Na sua versão radical, o pensamento feminista produziu efeitos sobre a maneira pela qual concebemos a condição feminina, em suma, ele a desincorporou. Os estudos sobre gênero, o feminismo materialista herdado da segunda onda e a tradição do igualitarismo republicano têm em comum o fato de privilegiar uma definição abstrata que faz das mulheres simples indivíduos de direito.

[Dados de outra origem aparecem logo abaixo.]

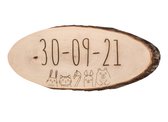 Teskt op hout graveren | logo of hout graveren | geboortebord met naam of tekst | Houten plank ovaal natuurlijk met schors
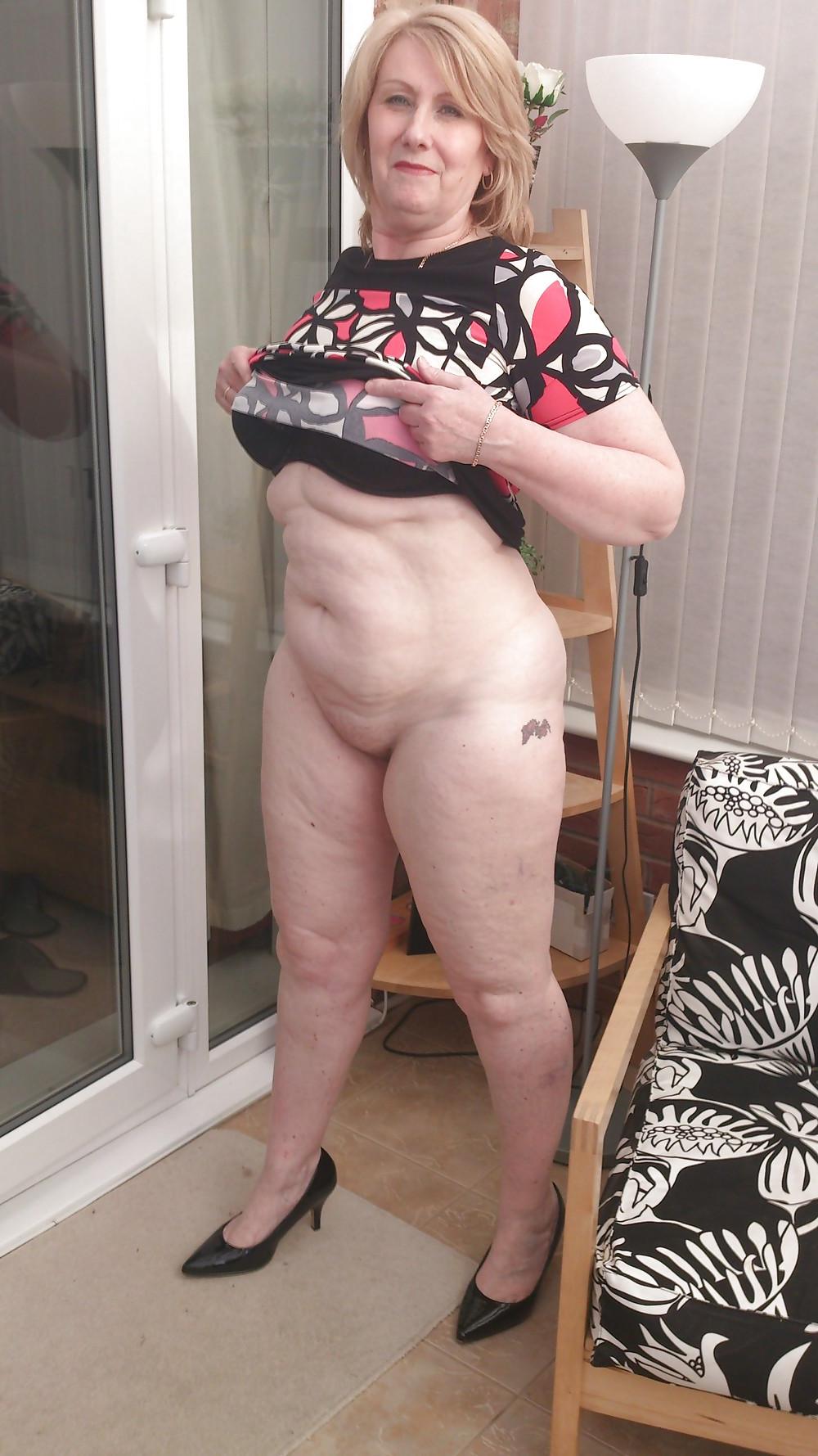 25P Granny mature milf 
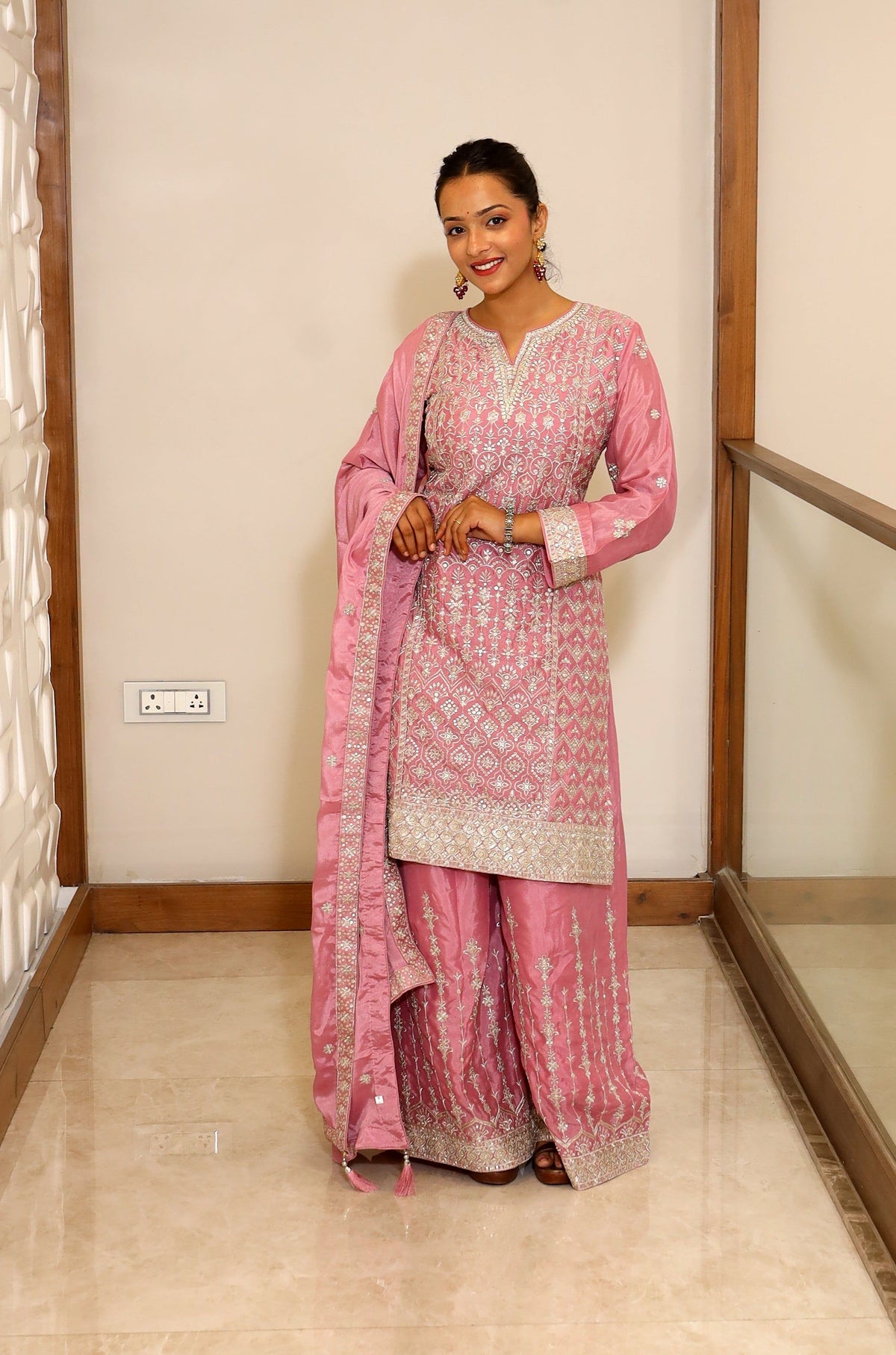 Pink Premium Crepe Kurta Set For Women
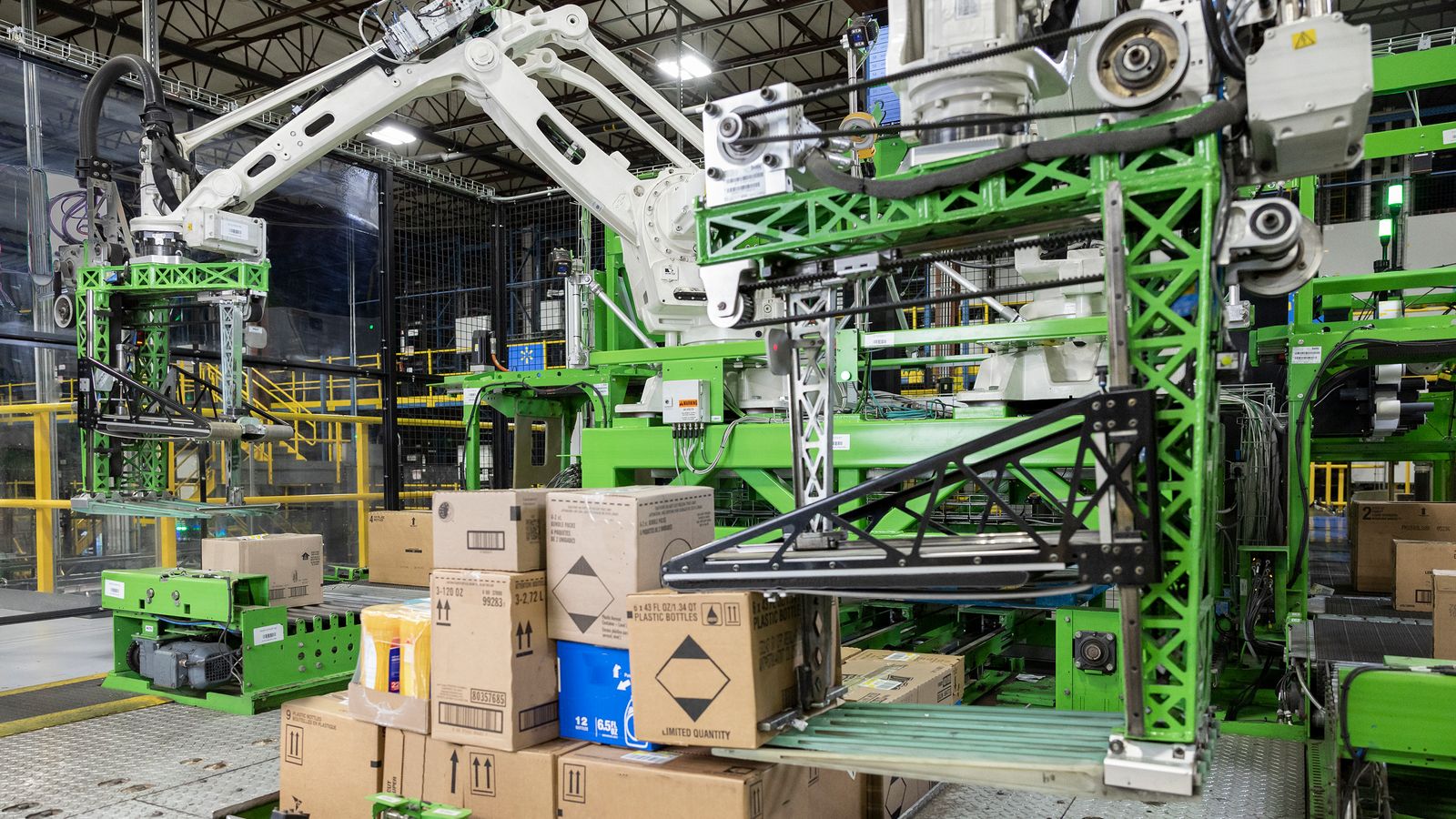Associated Food Stores will bring AI robots into distribution center ...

A atual condição das mulheres é definida em termos de igualdade e de liberdade, numa perspectiva que reduz o corpo feminino a nada mais que o lugar da dominação masculina por excelência. É por isso que as temáticas associadas a corporalidade feminina são muitas vezes vistas como vestígios da subjugação das mulheres à ordem patriarcal.
Não nego a fecundidade sociológica do conceito de gênero. Os estudos de gênero nos permitem lançar luz sobre os mecanismos através dos quais as desigualdades entre mulheres e homens se perpetuam. Mas também têm implicações teóricas que eu discordo. A recusa de refletir em termos de feminino e masculino e a rejeição da dimensão necessariamente incorporada e sexuada da existência produziram uma brecha curiosa: o sujeito do feminismo perdeu a importância, inclusive a realidade. O pensamento feminista contemporâneo, de alguma forma, acabou com o sujeito feminino.

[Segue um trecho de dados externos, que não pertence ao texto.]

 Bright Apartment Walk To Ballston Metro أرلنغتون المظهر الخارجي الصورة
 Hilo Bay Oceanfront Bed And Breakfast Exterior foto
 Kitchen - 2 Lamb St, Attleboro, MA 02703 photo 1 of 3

Da minha parte, proponho reintroduzir a corporalidade feminina e, portanto, o sujeito feminino na reflexão feminista, porque acho importante levar em conta outro aspecto que constitui a emancipação das mulheres ao se apresentar ao mundo e aos outros em um corpo do sexo feminino.
Em que consiste a singularidade da ''experiência do feminino"?

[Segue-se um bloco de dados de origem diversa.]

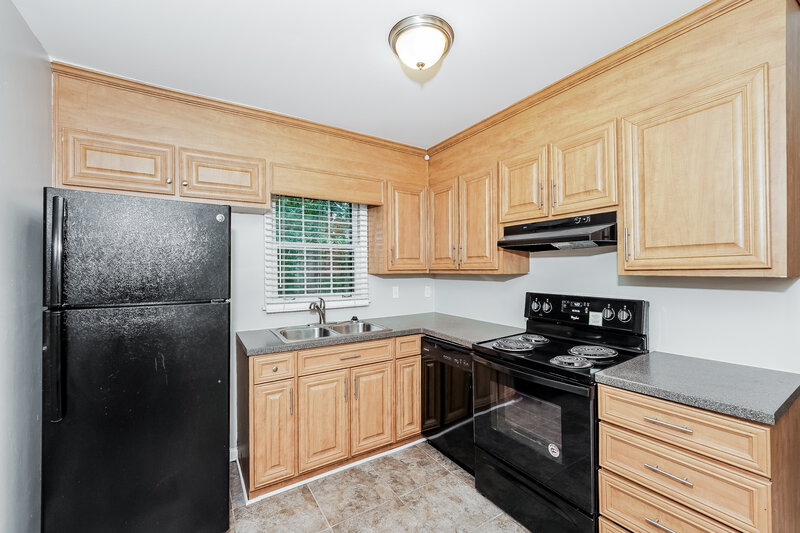 1,390/Mo, 120 Von Dale Dr Birmingham, AL 35215 Kitchen View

Eu gosto de definir a experiência do feminino como a experiência da incorporação no relacionamento. Desde que as mulheres não podem viver abstraindo sua corporeidade, e uma vez que elas estão equipadas com uma habilidade materna, elas têm um vínculo com o mundo que chamo relacional. O aspecto tem a ver, claramente, com a maternidade, que é somente uma potencialidade, mas que produz efeitos psíquicos, materializada ou não.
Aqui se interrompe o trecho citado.